El término genérico (y poco conocido) que se utiliza para denominar a los quemadores de libros es el de «biblioclastas», y los hubo a lo largo de toda la historia, en toda tiranía y dictadura que hubiera. Los bibloclastas eliminan la evidencia de una historia, un pasado, un pensamiento; y esto equivale a la eliminación, casi en efecto, de una población.

Generalmente, cuando se habla de la última dictadura militar se la asocia casi únicamente con la represión física y el plan sistemático de desaparición y aniquilamiento ejercida por el gobierno militar sobre los luchadores del campo popular, y con la aplicación de las bases económicas que instalaron al neoliberalismo en Argentina.

Imagen_Libros_Quemados.jpg Pero el autodenominado «Proceso de Reorganización Nacional» también tuvo entre sus objetivos la desaparición y quema de una gran cantidad de libros cuyos contenidos eran catalogados de «subversivos», llevando a cabo así otro tipo de genocidio: el genocidio cultural. Quizás porque sabían que, como dice León Gieco en su inolvidable «Hombres de Hierro», «hombres que avanzan se pueden matar / pero los pensamientos quedarán». Y los libros son herramientas fundamentales para transmitirlos, en su capacidad multiplicadora.

El gobierno militar destinó muchos recursos para la conformación de una increíble infraestructura destinada a esa tarea. «La censura y el control cultural no solamente estaban centralizados, sino que estaban muy claramente centralizados en el Ministerio del Interior, que fue el gran controlador de la cultura en la Argentina, donde funcionaba la Dirección Nacional de Publicaciones. Este edificio, que aún hoy está en la calle Moreno 711, en el cruce de Moreno y Diagonal, es un gran edificio. Si hoy lo miramos desde afuera nos vamos a dar cuenta del pedazo de infraestructura que había dedicado a esto, y no era la única unidad dedicada a esta tarea», señala el investigador Hernán Invernizzi, quien junto a Judith Gociol escribió «Un golpe a los libros» (editado por EUDEBA en el 2002), que aborda este tema.

El mito de los «militares tontos»

cincodedos.jpg Una idea muy generalizada hoy en la sociedad es que los militares eran todos brutos y que las censuras que accionaban con los libros respondían a la ignorancia o caprichos de un sargento ignorante o un comisario tonto. Este mito se originó por el hecho de que algunos libros fueron prohibidos por malas interpretaciones de sus títulos, como fue el caso de «La cuba electrolítica» (libro de física), censurado porque contenía la palabra «cuba» en su título («cuba»: recipiente rectangular para operaciones químicas), o el caso de «Cinco Dedos», que era un libro infantil escrito en la Alemania Occidental, en donde una mano verde persigue a los dedos de una roja que, para defenderse y vencer, se une y forma un puño colorado. Por esta última obra estuvo detenido 127 días a «disposición del Poder Ejecutivo Nacional» el director de Ediciones de la Flor, Daniel Divinsky, junto al editor Kuki Miler.

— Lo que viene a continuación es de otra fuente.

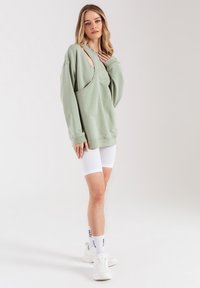 Jasnozielony, oversize'owy sweter z unikalnym wzorem wycięć, w połączeniu z białymi szortami rowerowymi z prążkowaniem i białymi trampkami.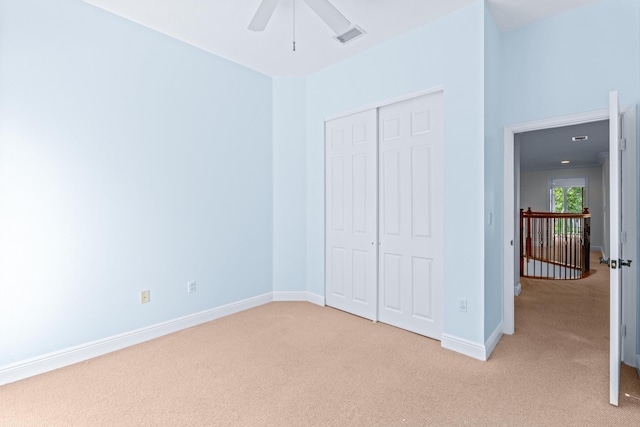 unfurnished bedroom featuring light carpet, a closet, and ceiling fan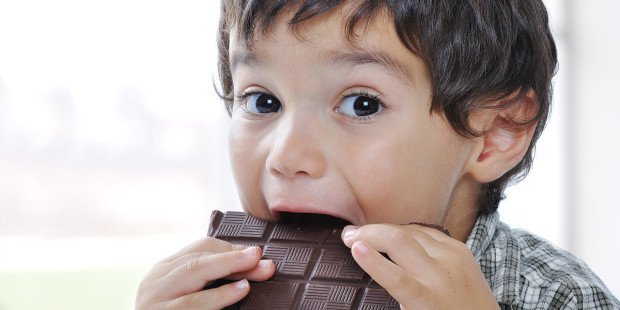 web3-little-boy-eating-chocolate-candy-sweets-shutterstock1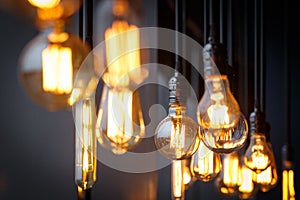 Different vintage tungsten filament lamps hanging from the ceilin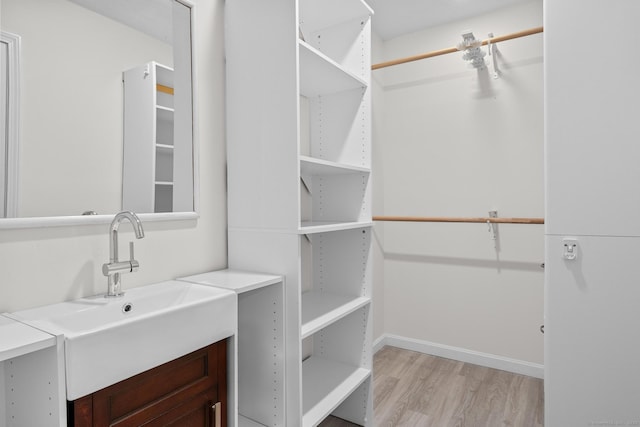 spacious closet featuring sink and light hardwood / wood-style floors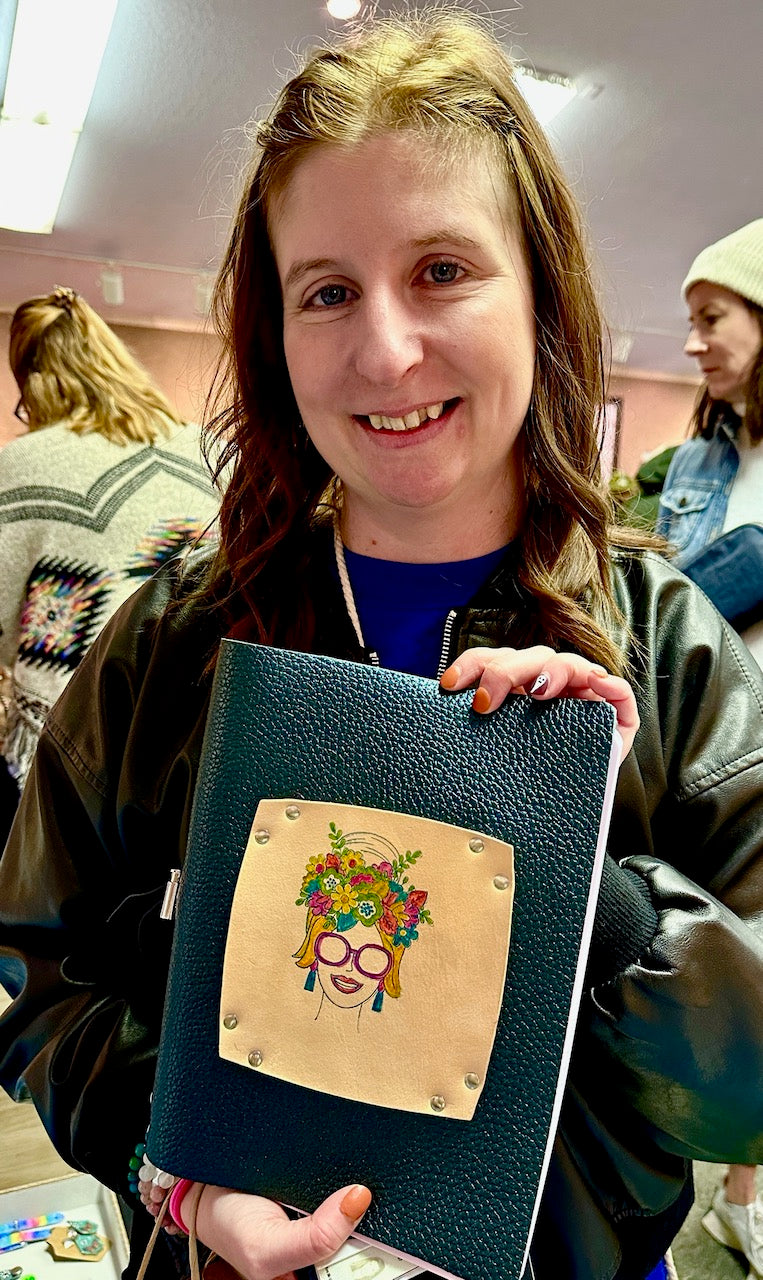 young- woman-shows-off-her-purchase-of-a-leather-journal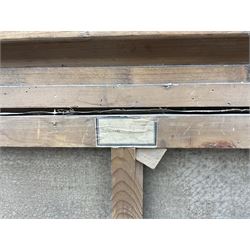 A Wilkow (Polish 19th/20th Century) Blacksmith's Workshop in a Winter Landscape, oil on canvas signed 71cm x 97cm in heavy ornate plaster gilt frame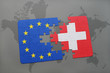 puzzle with the national flag of switzerland and european union on a world map background.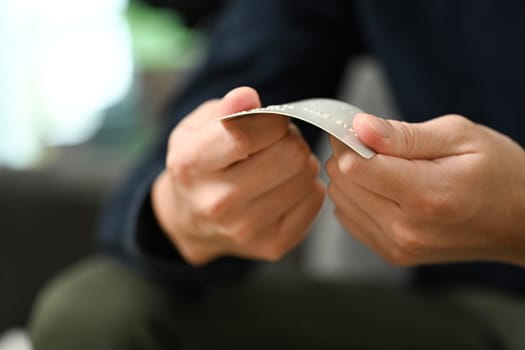 Cropped shot of upset young man breaking his credit card. Financial problems concept.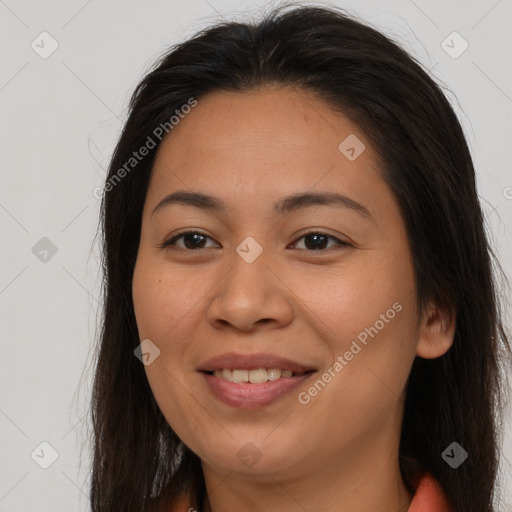 Joyful asian young-adult female with long  brown hair and brown eyes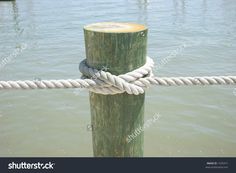 a rope tied to a wooden post in the water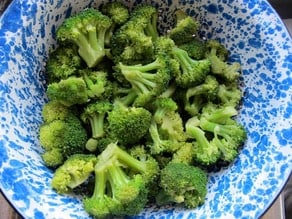Steamed broccoli florets in a colander.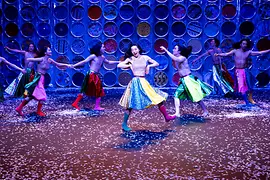 Koreanische Tänzer:innen wirbeln in bunten Röcken und Stiefeln auf der Bühne herum.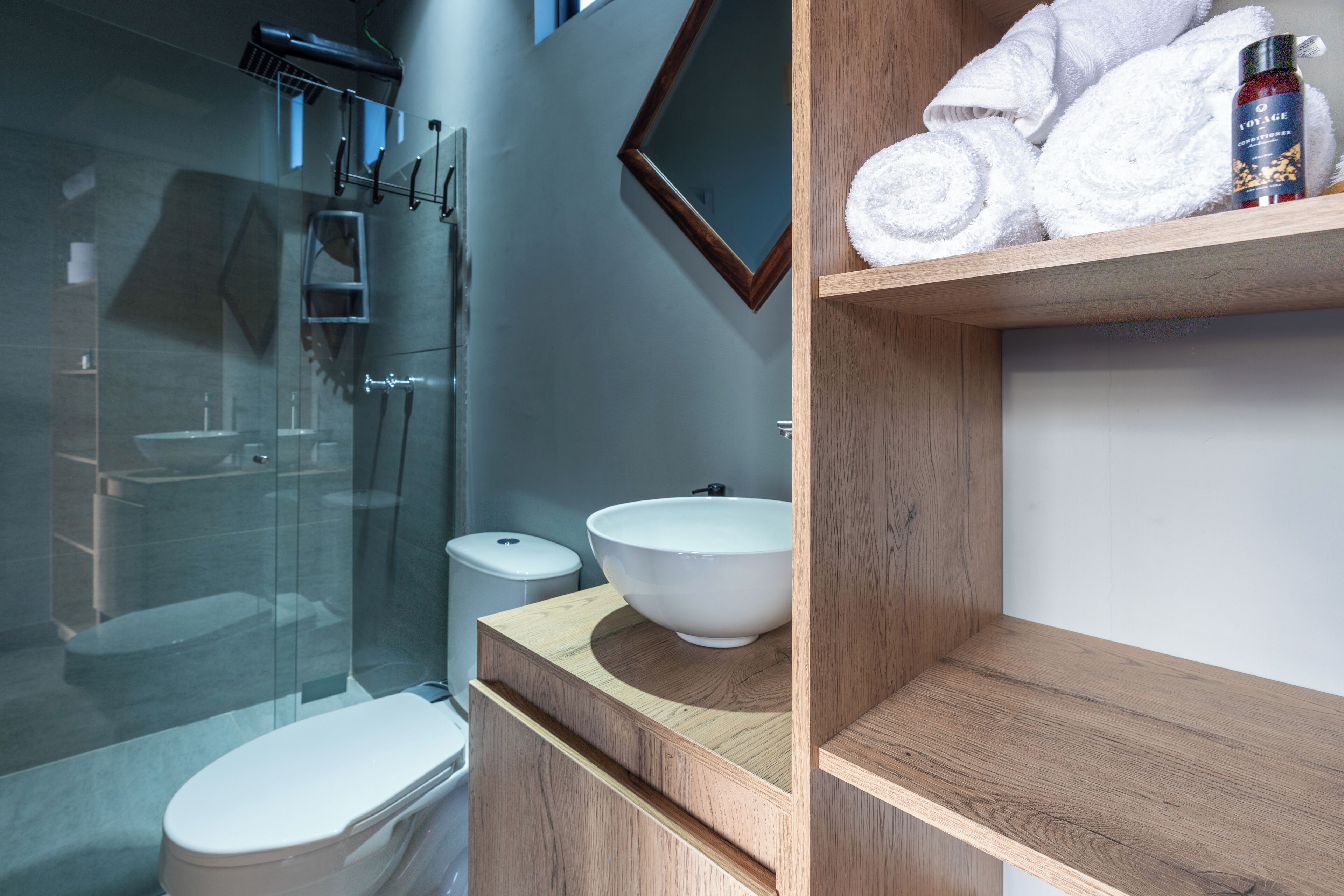 Un baño moderno con cabina de ducha de vidrio, inodoro blanco, tocador de madera con lavabo y estante con toallas enrolladas y artículos de aseo.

Aunque, ¿por qué no pensarlo también como una política general de terror que quería mostrar al gobierno militar como una banda de locos que podía reprimir a cualquier intelectual o editorial, aunque no sea militante, como el caso de Ediciones de la Flor, que era, cuanto mucho, una editorial «progresista»?

Podemos pensar que el terror funciona cuando no queda claro cual es el código o criterio con el cual funciona. Si parece que la represión es aleatoria, entonces nos aterrorizamos todos y nos paralizamos. Con la cultura parece que operaban en este sentido: hacían un control sistemático, y tomaban decisiones políticas, para producir también sobre la cultura un efecto generalizado del terror.

Libros_1.jpg Para Invernizzi, esos casos que parecían responder a la ignorancia, capricho o paranoia de los censores militares, sólo fueron hechos aislados que no respondían a la regla general, y que hacen al folclore y no a la parte más importante del tema: «El funcionamiento de la censura era extremadamente simple, eficiente y prolijo. El criterio era: no se censura porque sí; porque fulano cae mal o porque es zurdo, porque es comunista o peronista combativo. Detrás de todo acto de censura de libros había una investigación del libro. Muchas de esas investigaciones las encontramos. A veces el informe sobre el libro son tres carillas, y a veces hasta cuarenta. Esos informes eran escritos por intelectuales, por profesionales, profesores de letras, abogados, sociólogos, antropólogos. Gente inteligente, capaz y preparada. Y más de uno de estos estudios los sorprendería porque es más que aceptable el nivel intelectual. Es más: en líneas generales, deberíamos decir que tenían razón en lo que decían, no se equivocaban. Desde el punto de vista de los intereses de clase de la dictadura y de su proyecto ideológico, los libros que ellos identificaban como «peligrosos» o como representantes del pensamiento crítico, por decirlo de alguna manera, estaban correctamente identificados, no se equivocaban. Entonces, después, estos informes iban a la Dirección General de Publicaciones, en donde se tomaba la decisión política. Ellos discriminaban entre el análisis y qué hacer con el análisis. Discriminaban entre el conocimiento y el uso político del conocimiento. Primero había una evaluación política del libro, y luego venía la censura, que era una herramienta de control político en manos del estado. No había ninguna improvisación, ningún capricho. Sabían muy bien lo que hacían.»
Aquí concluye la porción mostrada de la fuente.